*** Opening DATA UNDER STUDY ***

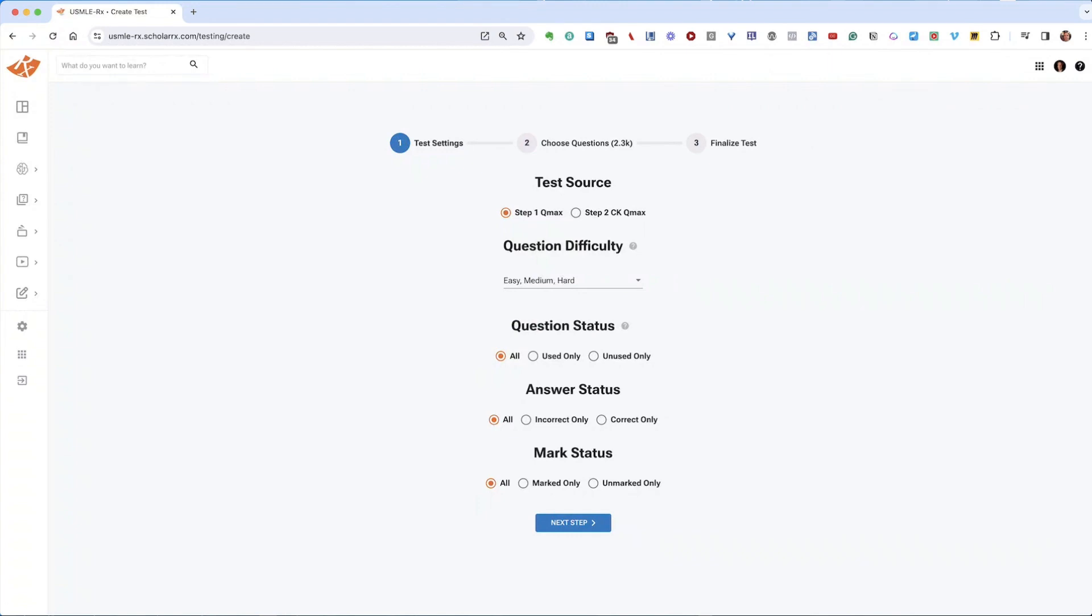Below this, you'll find options for question status, answer status, and mark status. If you're new to QMAX, you'll likely want to keep the default settings on all for each of these options. However, as you progress, you might want to filter questions to only include those you haven't encountered before.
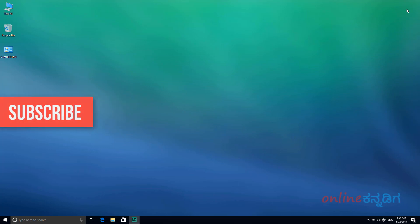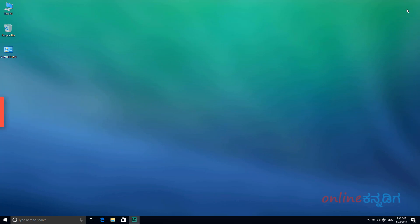We are going to upload more videos, so subscribe to our channel and hit the notification bell if you like our videos. Thank you very much. I'll see you in the next video.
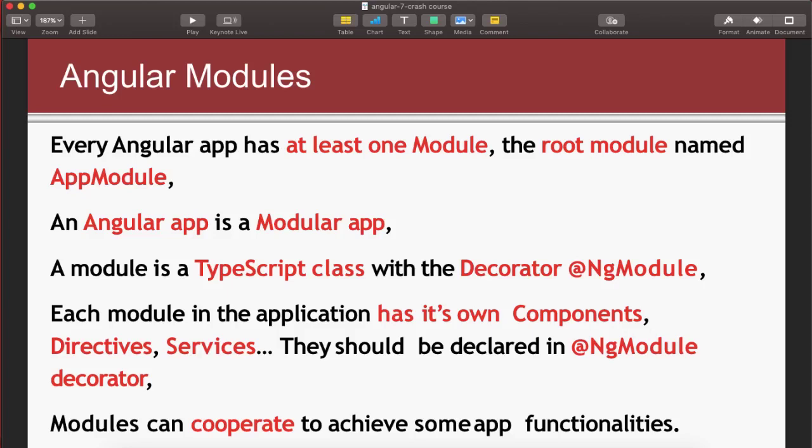Here is a small presentation of Angular modules. In every Angular app we have at least one module, called a root module. In an Angular app it's called the app module, and that app module is the root module of your Angular app. So whenever you create a new Angular app, you will have an app module as your root module.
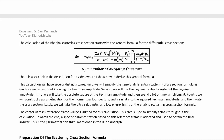First, we will simplify the general differential scattering cross-section formula as much as we can without knowing the Feynman amplitude. Second, we will use the Feynman rules to write out the Feynman amplitude. Third, we will take the absolute square of the Feynman amplitude and spend a lot of time simplifying it. Fourth, we will construct a parameterization for the momentum 4-vectors and insert it into the squared Feynman amplitude and then write the cross-section. Lastly, we will take the ultra-relativistic and low-energy limits of the BABA scattering cross-section formula. I avoid saying non-relativistic because this involves antimatter, which is innately a relativistic effect, so avoiding the term to avoid confusion is a good idea.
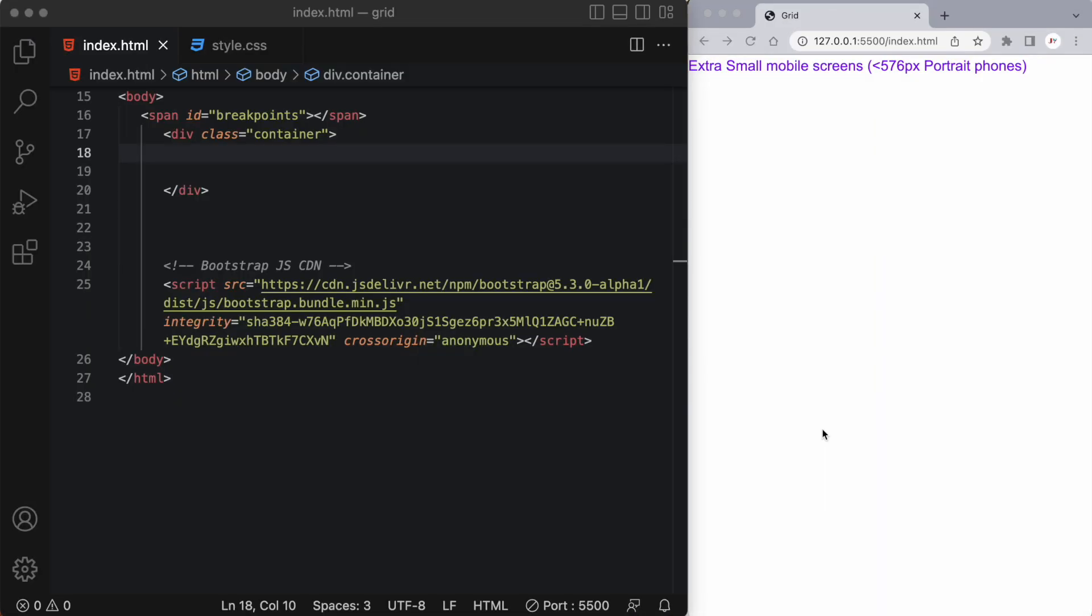Bootstrap's grid system uses a series of containers, rows and columns to layout and align content. It's built with Flexbox and it's fully responsive.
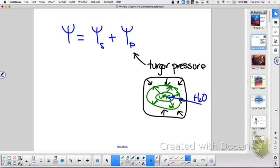Water flows from high to low water potential. Water must flow from the hypotonic into the hypertonic solution. But eventually, in plants — anything that has a cell wall — this is unique because the wall can push back.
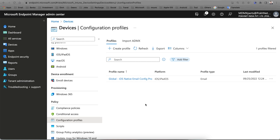I hope you have learned the difference between compliance policy and configuration policy in Intune. Enjoy being an expert Intune admin. Thank you, have a good day, bye bye.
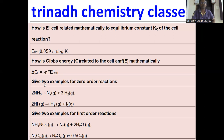Give two examples for zero order reactions — gaseous reactions: 2NH3 gives rise to N2 plus 3H2 gas. Similarly, 2HI gas gives rise to H2 gas plus I2 gas.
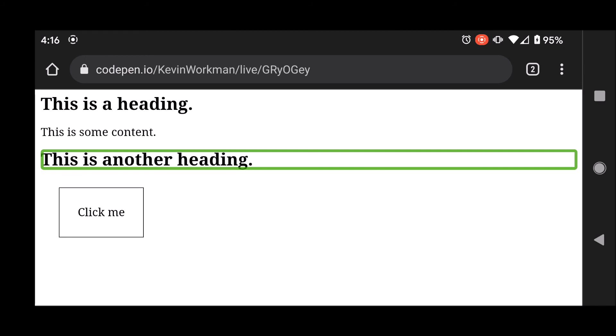So that's why either using semantic HTML or providing these ARIA roles are important. All right, thanks for watching.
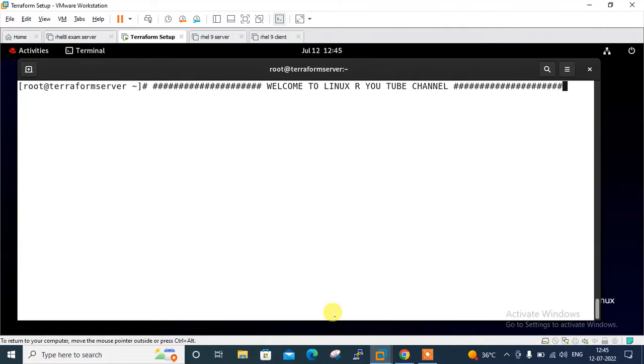Hi guys, welcome to LinuxA YouTube channel. My name is Ramishra and I'm your online instructor. In this video, I will tell you how to work with Terraform dynamic blocks. Let's begin the topic.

*** Closing DATA UNDER STUDY ***

→ **INSTRUCTIONS FOR THE TASK**
From the records above, copy only the lines running from the line holding "Water flows from" through the line holding "I hope you have", with no pictures.

→ **ANSWER FOR THE TASK**
Water flows from high to low water potential. Water must flow from the hypotonic into the hypertonic solution. But eventually, in plants — anything that has a cell wall — this is unique because the wall can push back.
I hope you have learned the difference between compliance policy and configuration policy in Intune. Enjoy being an expert Intune admin. Thank you, have a good day, bye bye.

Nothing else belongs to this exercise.